Portfolio / Project 06
LLM Content Trust &
Verification Interface
Verification Interface
A design system for AI-generated content interfaces — reusable UX patterns for displaying confidence, source attribution, hallucination detection, and human-in-the-loop review workflows. Born from 98 enterprise user interviews.
Client
Modguard.ai
Role
Lead Product Designer
Timeline
12 weeks
Platform
Enterprise SaaS
Domain
AI/ML Trust & Safety
Year
2024
The Challenge
Enterprise teams adopting LLMs for content generation face a fundamental trust problem: AI outputs look authoritative regardless of accuracy. A confidently stated hallucination is indistinguishable from a verified fact. In regulated industries like healthcare and defense — where Modguard.ai's clients operate — a single unverified claim can trigger compliance violations, patient safety risks, or security breaches.
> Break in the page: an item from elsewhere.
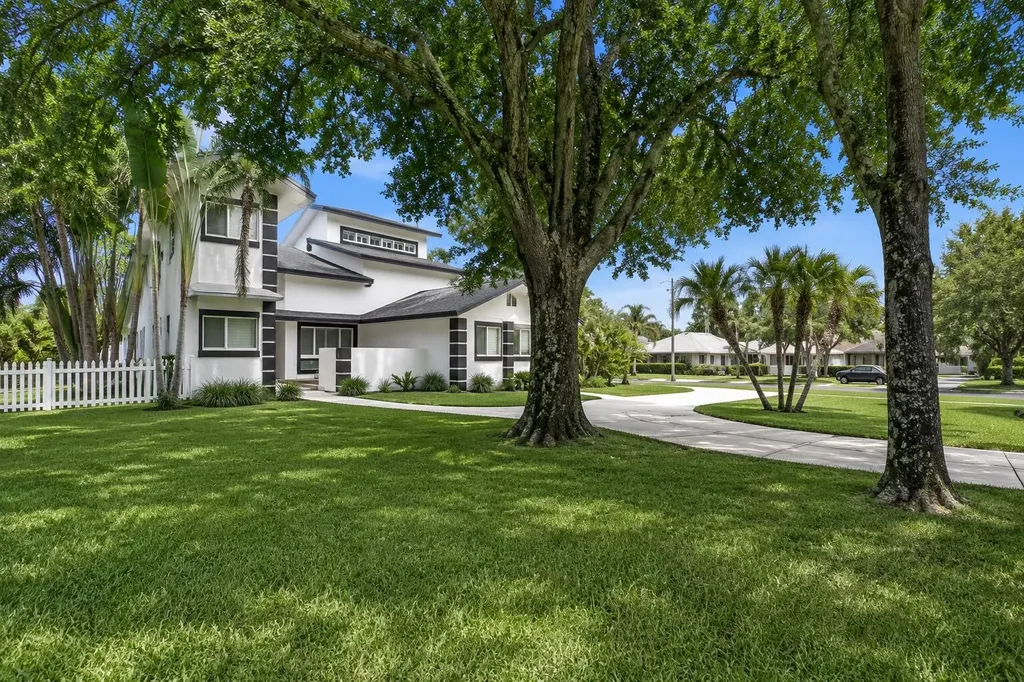 10400 W Tara Boulevard Boynton Beach FL 33437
Existing AI interfaces treated trust as a binary — either you trust the model or you don't. There was no graduated system for communicating varying levels of AI certainty, no inline mechanism for source verification, and no workflow for humans to efficiently review and approve AI-generated content at scale.
I led the design of Modguard's trust and verification interface — a pattern library that makes AI reasoning visible, sources verifiable, and hallucinations catchable. The patterns were developed through 98 user research interviews and validated with enterprise customers in healthcare and defense.
Measured Impact
62%
reduction in content review time with claim-level confidence scoring
A/B test, n=40 enterprise users
34%
improvement in hallucination catch rate before content reaches end users
Validation study, 12-week period
91%
of users said visible AI reasoning increased their trust in the output
User research interviews, n=98
3.2x
faster source verification with inline citation panels vs. traditional footnotes
Task completion analysis, n=32
Design Process
1
Discovery
Weeks 1-3
98 user interviews across healthcare and defense enterprises. Contextual inquiry sessions observing analysts verify AI content in real workflows.
Key Insight
Users don't distrust AI — they distrust the opacity. 91% said they'd use AI more if they could see its reasoning.
Deliverable: Research synthesis + persona development
2
Pattern Audit
Weeks 3-5
Competitive analysis of 24 AI content tools. Catalogued 60+ trust/verification patterns. Identified gaps in existing approaches.
Key Insight
No tool provided inline confidence at the claim level. All used document-level scores, which mask low-confidence sections.
Deliverable: Pattern library + gap analysis
3
Concept Design
Weeks 5-8
Rapid prototyping of 4 distinct interaction models. Weekly design reviews with compliance officers and domain experts.
Key Insight
Progressive disclosure of AI reasoning outperformed always-visible approaches by 3x in user preference testing.
Deliverable: Hi-fi prototypes for 6 core patterns
4
Validation
Weeks 8-12
A/B testing with 40 enterprise users. Measured time-to-trust, review accuracy, and workflow completion rates.
Key Insight
Claim-level confidence scores reduced review time by 62% while improving error catch rate by 34%.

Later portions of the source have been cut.